Sunday, February 6, 2022

Political dysfunction

Governing a nation as large and diverse as ours is a difficult proposition even for the most talented of politicians, and the current bitter political and cultural polarization has made it even more difficult. But I am amazed at how woefully incompetent both political parties seem to be these days. Both seem to be doing their best to snatch defeat from the jaws of victory.

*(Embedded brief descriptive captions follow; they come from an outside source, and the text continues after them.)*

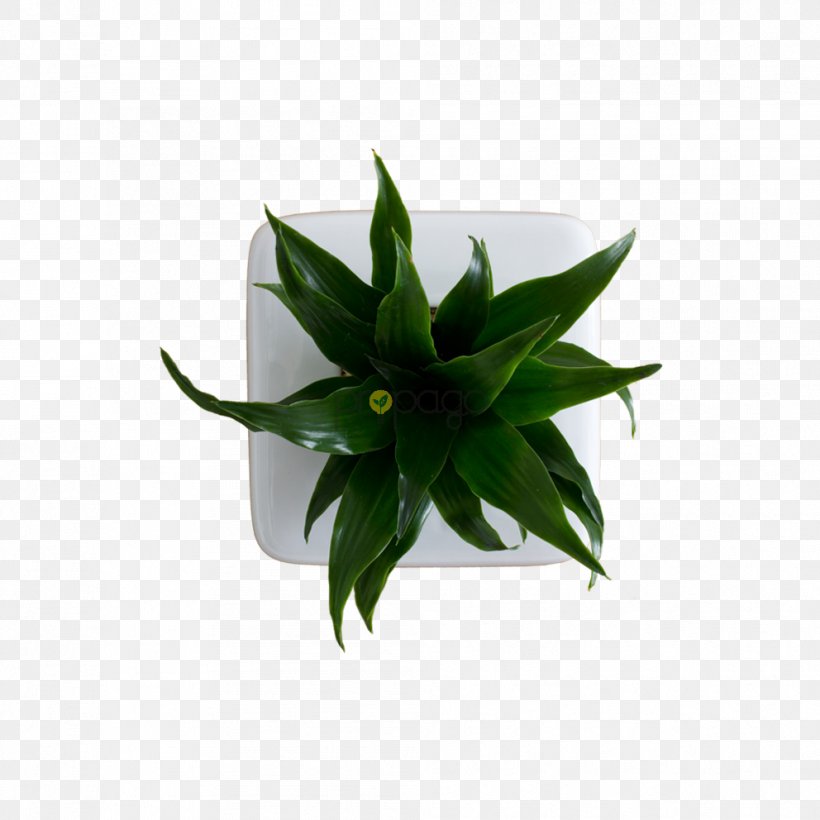 Plant Flowerpot Leaf Agave INAV DBX MSCI AC WORLD SF, PNG, 992x992px, Plant, Agave, Flowerpot, Inav Dbx Msci Ac World Sf, Leaf Download Free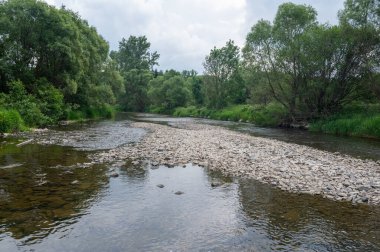 Eder - Almanya 'da yeşil bir arazide bir nehir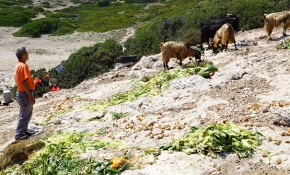 20 yıldır adadaki keçilere gönüllü bakıcılık yapıyor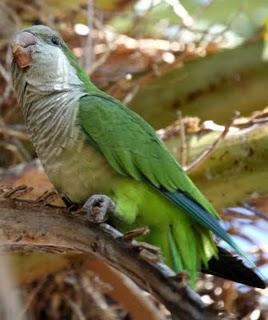 DELTA DEL EBRO Y COSTA DE CAMBRILS 1º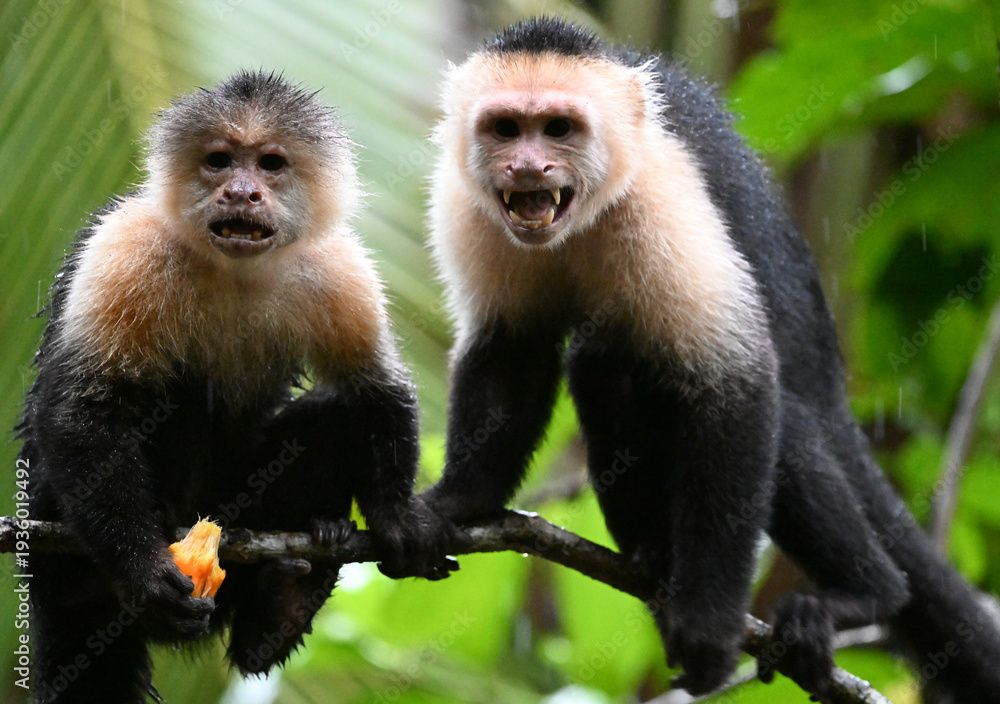 Obraz premium a serious capuchin monkey in a Costa Rican forest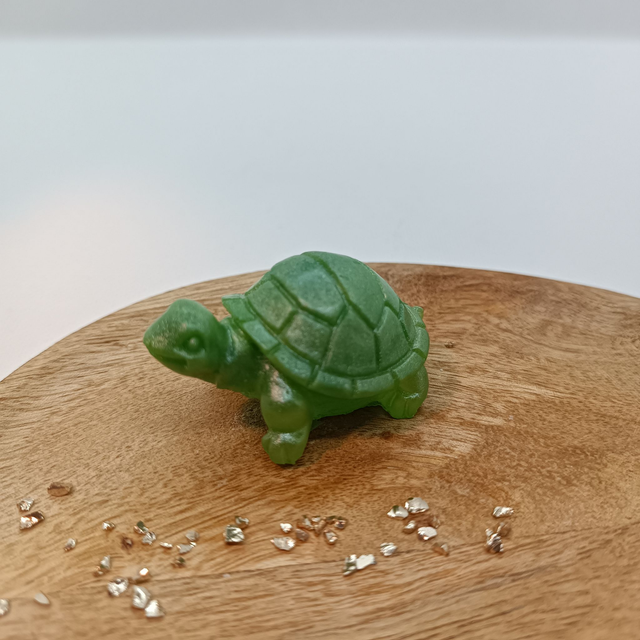 Tortue - Vert Clair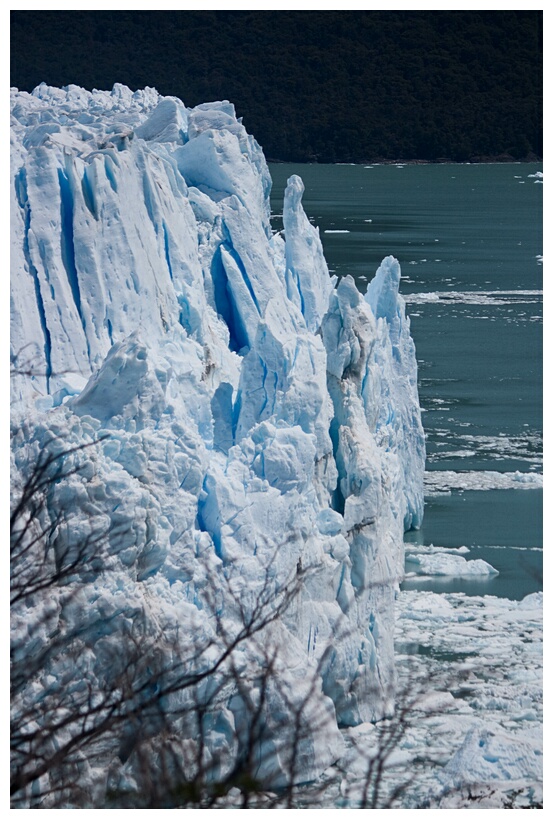 Frente del Glaciar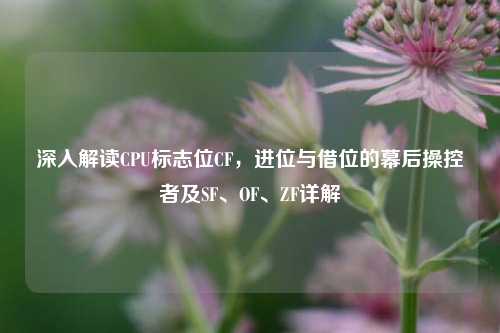深入解读CPU标志位CF，进位与借位的幕后操控者及SF、OF、ZF详解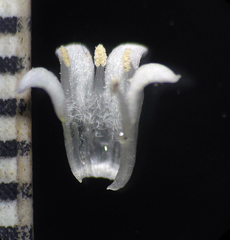 Exallage auricularia
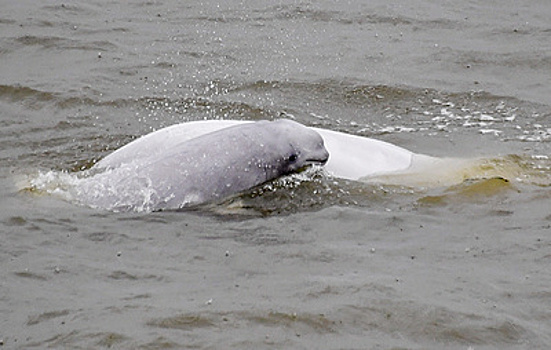 Ученые: хорошая кормовая база позволила белухам из "китовой тюрьмы" остаться в Приморье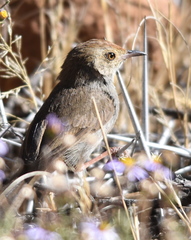 Cisticola fulvicapilla fulvicapilla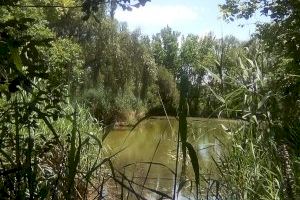 El Ayuntamiento de València ha efectuado la limpieza del lago del Parc de Marxalenes y las fuentes del Parc Central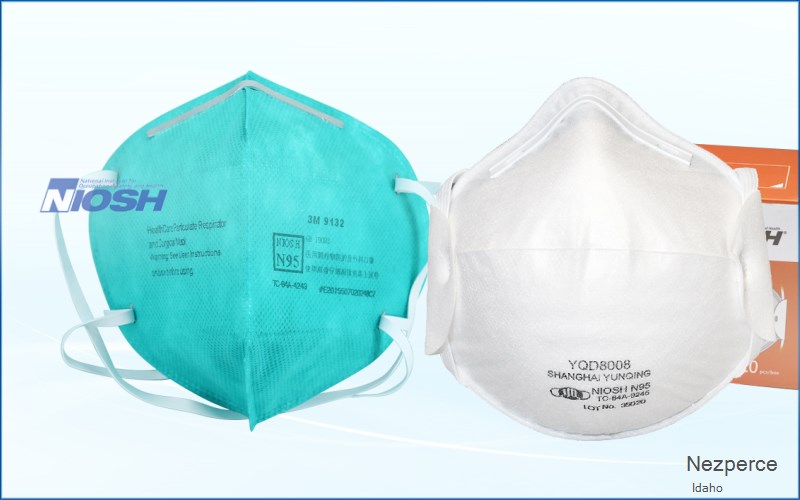 Nezperce Lewis Idaho ID N95 mask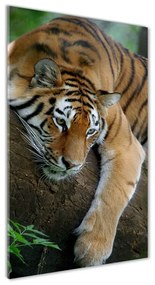 Üvegkép Tiger a fán osv-4289086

On the Republican side, it is simply mind-boggling that the RNC (Republican National Committee) would censure Senators Liz Cheney and Adam Kinzinger, and withdraw any financial support for their re-election campaigns. Here the Republicans are trying to take back control of the Senate, yet are unwilling to support two of their most popular (with voters, not with Trump supporters) Senators.  Republicans are in a great position to take back control of Congress in the upcoming midterms, yet Trump and his supporters may well jinx the whole effort, just as they did with the 2021 Georgia Senate runoffs, which might well have been won by Republican David Perdue (who only lost 48.4 to 50.6%) and/or Kelly Loeffier (who only lost by 49 to 51%) if Trump and his supporters hadn’t so clumsily interfered.

Beyond that, Republicans seem to be content to just be against anything the Biden administration or the Democratic Congress proposes. It’s hard to know what they are really for, and I can’t see how they can appeal to voters if they don’t have something positive to offer.

On the Democratic side, setting aside the questionable performance thus far by the Biden administration, it is simply mind-boggling how far out of touch the elite ultra-left progressives and their wealthy donors have gotten with even their own Democratic voter base, let alone the independent voters they desperately need to retain power. With absolutely no margin in the Senate, why would they be so stupid as to viciously attack two of their own (Senators Manchin and Sinema), when they desperately need to hold on to every seat?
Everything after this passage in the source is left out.